Так я попала в ученицы к Эулалии, которая работала в основном по любовным делам.
Это была женщина среднего роста с очень темной кожей и густыми бровями. Ее приземистый домик стоял среди карликовых пальм и дубков, и вид у него был довольно безрадостный: ни цветов во дворе, ни краски на стенах.
Эулалия – как присушить мужчину
Однажды к ней пришла женщина и попросила привязать к ней мужчину.
– Кто он?
– Джерри Мур. Я знаю, что нравлюсь ему, но его жена приворожила, корни зарыла. Никак он от нее не отделается, а то мы бы давно поженились.
Какое-то время Эулалия сидела молча и размышляла. Потом сказала:
– Я, конечно, христианка, и мужа с женой разводить не по мне. Но раз она зарыла корни, чтобы его воли лишить, значит, освободить его не грех. Где они живут?
– В Янгс-куортерс, третий дом от начала улицы.
– Бывает так, что оба надолго уходят?
– Еще как! Он работает как лошадь, а она весь день где-то шляется, это просто стыд какой-то.
– В следующий раз, как она уйдет, скажешь мне, и я все устрою. Деньги убери, пока работу не сделаю, не возьму.
Через пару дней посетительница вернулась и сообщила, что постылая жена ушла рыбачить. Эулалия отослала ее домой и надела башмаки.
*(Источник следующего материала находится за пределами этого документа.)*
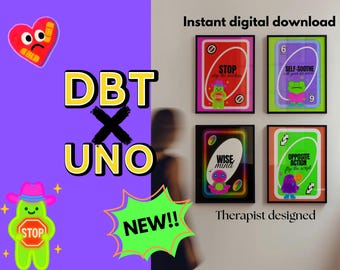 Set of 4 DBT Mental Health Prints Psychology Posters Printable Wall Art for Therapy Office Decor Mental Health Printables Digital Downloads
– Возьми миску с солью и лимон, – велела она мне. – На бумажке девять раз напиши имена Джерри и его жены. В лимоне, с той стороны, что крепилась к ветке, сделай дырочку, насыпь туда пороху, бумажку туго сверни и сунь туда же. Лимон и соль бери с собой, и пойдем.
Придя во двор к Джерри Муру, Эулалия огляделась, долго смотрела на солнце, а потом указала мне место:
– Выкопай тут ямку так, чтобы на закате на нее падал свет, положи лимон запиской вниз и зарой.
Я принялась копать, а Эулалия прошла к задней двери дома. Когда я закончила, дверь была уже открыта, и мы вошли в кухню. Эулалия огляделась и нашла черный перец.
– Подыми верх у плиты.
Я подняла, и она бросила в топку немного перца. Потом мы прошли в соседнюю комнату, служившую одновременно спальней и гостиной. Эулалия взяла миску с солью и принялась «солить» комнату. В каждый угол бросила по щепотке, проговаривая:
– Ссорьтесь-ругайтесь, пока не разбежитесь.
Еще «посолила» под кроватью. На все это ушла минута или две, не больше. Потом мы вышли, закрыли дверь и поспешили прочь. В субботу вечером Эулалия получила деньги за работу, а в воскресенье принялась наколдовывать свадьбу.